Burnout kann wirklich jeden treffen und wird in jeder Branche, jeder sozialen Schicht und jedem Job beobachtet.

Was Frauen wollen und Männer denken

23. November 2013

Es wird in den Medien immer wieder gern hervorgekramt und so oft hat man es schon gelesen oder gehört: Nur wenige Frauen befinden sich in Führungspositionen. Gründe dafür mag es viele geben, Tipps und Seminare, wie das verhindert werden kann, aber auch.
Das Frauenportal goFeminin stellte die typischen Job-Fallen, in denen vor allem die Frauen sehr gerne tappen, vor und die WELT berichtete von speziellen Jobseminaren für Frauen, um das Verhalten der Männer besser zu verstehen.

Jede vierte Führungsposition ist von einer Frau besetzt, so goFeminin. In Anbetracht dessen, dass etwa die Hälfte der Bevölkerung Frauen sind und auch mehr Frauen als Männer das Abitur machen, ist das nicht allzu viel.
Mögliche Ursachen können neben der Annahme von „frauenfeindlichen“ Unternehmen auch gesellschaftlicher Natur sein, wie das Fehlen von Krippenplätzen, denn irgendjemand muss sich um den Nachwuchs kümmern.

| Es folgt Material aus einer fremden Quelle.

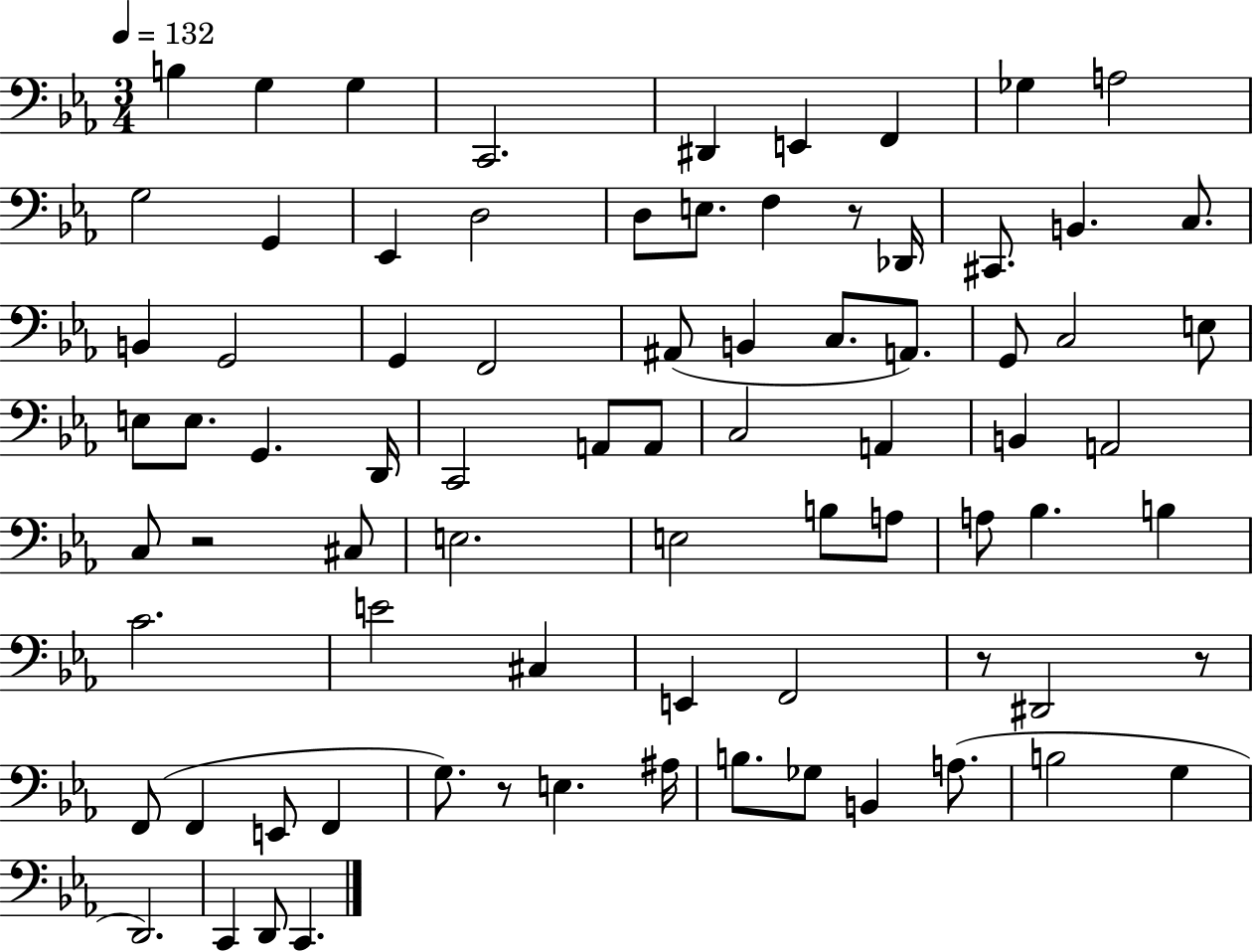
B3/q G3/q G3/q C2/h. D#2/q E2/q F2/q Gb3/q A3/h G3/h G2/q Eb2/q D3/h D3/e E3/e. F3/q R/e Db2/s C#2/e. B2/q. C3/e. B2/q G2/h G2/q F2/h A#2/e B2/q C3/e. A2/e. G2/e C3/h E3/e E3/e E3/e. G2/q. D2/s C2/h A2/e A2/e C3/h A2/q B2/q A2/h C3/e R/h C#3/e E3/h. E3/h B3/e A3/e A3/e Bb3/q. B3/q C4/h. E4/h C#3/q E2/q F2/h R/e D#2/h R/e F2/e F2/q E2/e F2/q G3/e. R/e E3/q. A#3/s B3/e. Gb3/e B2/q A3/e. B3/h G3/q D2/h. C2/q D2/e C2/q.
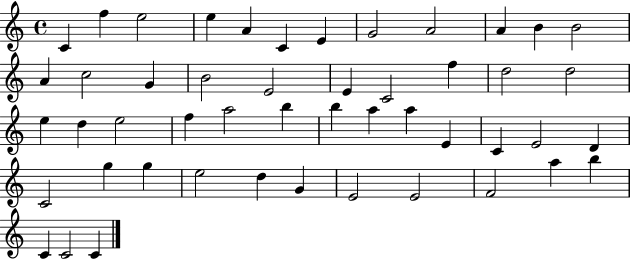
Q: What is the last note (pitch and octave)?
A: C4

Vorsicht, Job-Falle für Frauen!

GoFeminin zählt sieben Karriere-Killer vor, die besonders die Frauen recht leicht treffen können. Dazu zählt zum Beispiel, dass Frauen, wie allgemein bekannt, sehr gerne ratschen und plappern und dabei auch den einen oder anderen privaten Frust mit in die Arbeit schleppen und dort ausplaudern. Karriere-Coachs raten davon dringend ab, denn Privates hat im Beruf definitiv nichts zu suchen. Bei einschneidenden Schicksalsschlägen (Todesfall, Scheidung, etc.) sollte aber direkt die Karten offen auf den Tisch gelegt werden und der Chef unter vier Augen davon unterrichtet werden.
Ein fleißiges Bienchen sein ist schön und gut, blöd nur, wenn das niemand mitbekommt. Vielen Frauen fehlt es an Selbstmarketing. Er ist durchaus ratsam hin und wieder über die eigenen Erfolge und Ziele im Büro zu sprechen, damit wäre wieder Gesprächsstoff gegeben und auch eine Ablenkung von dem frustrierenden Beziehungsstress, der im Job nichts verloren hat.
Dabei sollten Frauen auch keine Scheu haben, dass dieses offene Reden über Erfolge bei den Kollegen Sympathiepunkte kosten könnten.  Das Risiko, dass die Kolleginnen einmal kurz irritiert gucken, darf auch mal eingegangen werden. Auch wenn Frauen manchmal dazu neigen, konkurrierendes Verhalten persönlich zu nehmen.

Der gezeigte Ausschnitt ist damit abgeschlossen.